Manufactured homebuilder PalmHarbor (NASDAQ:PHHM) reports Q2 2007 earnings results Tuesday afternoon. Want to know what Wall Street expects to see? Read on. Want to know what really matters? Read on a bit more.

What analysts say:

  • Buy, sell, or waffle? One additional analyst has initiated coverage on Palm Harbor since last we checked in, but I'm not really sure why he bothered -- he's only saying to hold. That brings the tally up to one buy and two hold ratings.
  • Revenues. On average, the three analysts think Palm Harbor grew its sales 10% last quarter, to $188.4 million.
  • Earnings. Profits, however, are believed to have fallen 25% to just $0.03 per share.

What management says:
Second verse, same as the first. Three months ago, previewing the firm's Q1 earnings announcement, we noted how Palm Harbor had cited increased market share and a shift in product mix toward higher-margin modular homes as contributing to its recent success. Once the earnings news came out, it was revealed that Palm Harbor achieved these same goals again in the beginning of its fiscal year 2007. CEO Larry Keener once again pointed to "increased market share, a continued shift in product mix to modular homes and higher average sales prices" as underlying the firm's improved revenue and earnings numbers.

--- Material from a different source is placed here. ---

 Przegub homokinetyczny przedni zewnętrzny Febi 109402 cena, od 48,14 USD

While we hope to hear similar words next week, we're not optimistic -- and Keener didn't give us reason to be. In his guidance on the quarter that we'll be hearing about on Tuesday, he noted, "Growth in our own business has slowed since the end of calendar 2005. Backlogs are smaller and our incoming order rates indicate relatively flat growth for the near future."

What management does:
So far so good, but a quick review of the firm's income statement suggests that Palm Harbor may not be benefiting as much as investors might hope from its expanded market share and better product mix. It's true that over the past six months, sales are up an impressive 19%. But at the same time, average cost of sales has grown 20%, and operating costs are up 19%. Here's what that means for margins:

Margins %




























All data courtesy of Capital IQ, a division of Standard & Poor's. Data reflects trailing-12-month performance for the quarters ended in the named months.

One Fool says:
Until Palm Harbor finds a way to wring some more efficiencies of scale out of its rising sales, margins would appear fated to remain stuck in the ultra-low-single digits. That doesn't mean that profits won't grow, mind you. If you sell more stuff at the same profit margin, profits will of course increase; it's just that they won't outpace sales growth until margins start expanding.

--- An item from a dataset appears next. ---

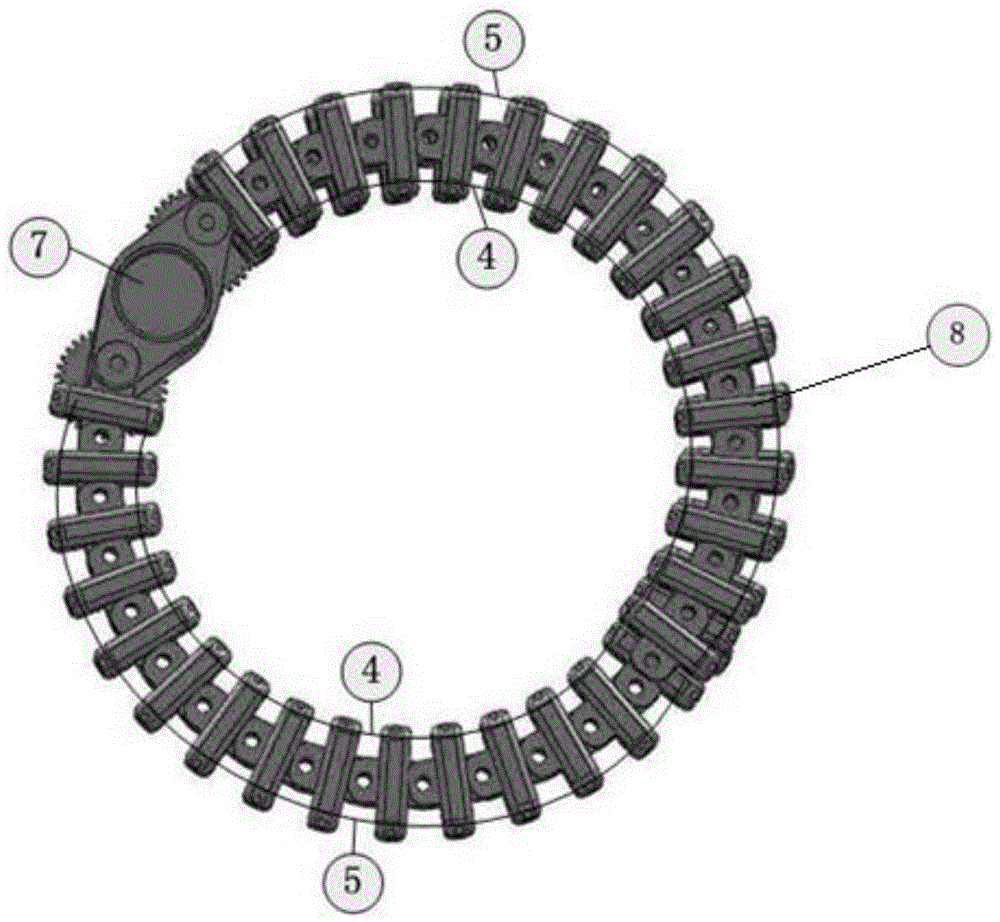 Finger lock type artificial anal sphincter prosthesis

Unfortunately, Keener's cautious outlook for the near future suggests to me that we won't see margins expanding right away. Longer term, though, things look more optimistic. Keener continues to believe that Gulf Coast reconstruction plans will favor the modular home industry. His firm is taking steps to capitalize on that trend, in particular, by designing a new "shotgun-style cottage" that should fit right in among the region's native stick-built architecture. If the new cottage design turns out to be as big a seller as Keener seems to think it will, then mass production of the cottage should permit the firm to finally reap some economy of scale benefits over the next few years.

Finally, a word to the Foolish: As we've warned in the past, the analyst estimates for how much Palm Harbor will earn in any given quarter run the gamut from bliss to disaster. That "$0.03" you see near the top of this column sounds more definite than it is. The actual low estimate here calls for a $0.07 loss, and the high estimate predicts a $0.12 per share profit. In other words, just about anything could happen come Tuesday, and the least likely outcome of it all is that Palm Harbor will earn exactly three pennies.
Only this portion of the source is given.